Yesterday I did my first and only job in the town itself… it was in a pretty dodgy house… okay, a very dodgy house. I knew it was pretty dodgy when I saw that they had a wood/petrol fired cooker in the house… by this, I mean in the living room this guy had a 130 gallon iron drum filled with wood and was cooking meat in it in the living room of his shack… this guy (35y/o) was completely toothless, had underwear on and nothing else, and was complaining of R sided abdo pain. We took him to hospital and I recommended he get some clothes to take with him, and we’ll meet him out the front. He then meets us out the front of the house, still in only his underwear, but carrying clothes… Now keep in mind that this person doesn’t have a pension card… he apparently works somewhere down the road… and apart from his appearance is fairly pleasant and sociable… I’m driving and my partner’s treating. At the hospital we unlock the hospital with a key and then call the nurse from the phone there, who then drives to the hospital and meets us there in about half an hour. My partner then gives the following hand over to the nurse:
“This Mr ____ he’s 35, and is generally fit and healthy. Today has developed a sharp R sided pain to his abdomen. Nil rebound tenderness. C/o some nausea and vomiting. And Has been incontinent enroute.”

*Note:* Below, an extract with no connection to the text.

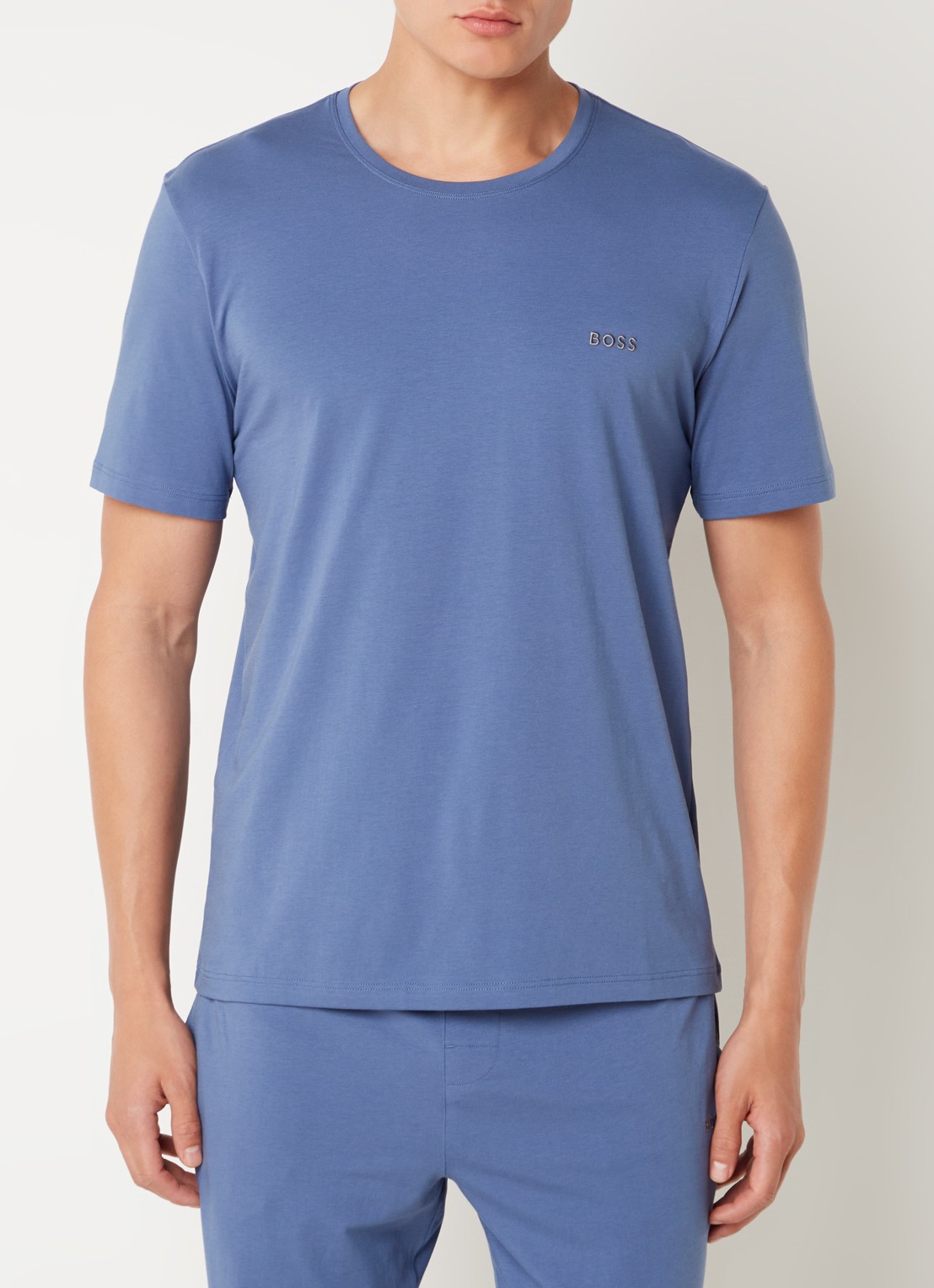 BOSS Pyjamatop met logo - detail 3 blauw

It was the incontinent enroute that made think what? This person’s totally normal otherwise, and has been stating NAD to passing urine/bowel movements, and now his incontinent to urine… that’s um, pretty weird. But then he get’s off our bed and I notice that my partner wasn’t talking about urine incontinence…. This man shat on our bed… he pulled down his underwear and shat on our bed! And then at the hospital was going to get on the hospital bed and the nurse said, “do you still want to go to the toilet” and he says, yeah, don’t worry about it, I’ll just do it in the bed… I’m not embarrassed… she recommends he walks to the toilet, which he eventually agrees to and then he says “You gotta pay phone around here… I gotta let the boss know I wont be in today…” that’s really weird, even by an ambulance view.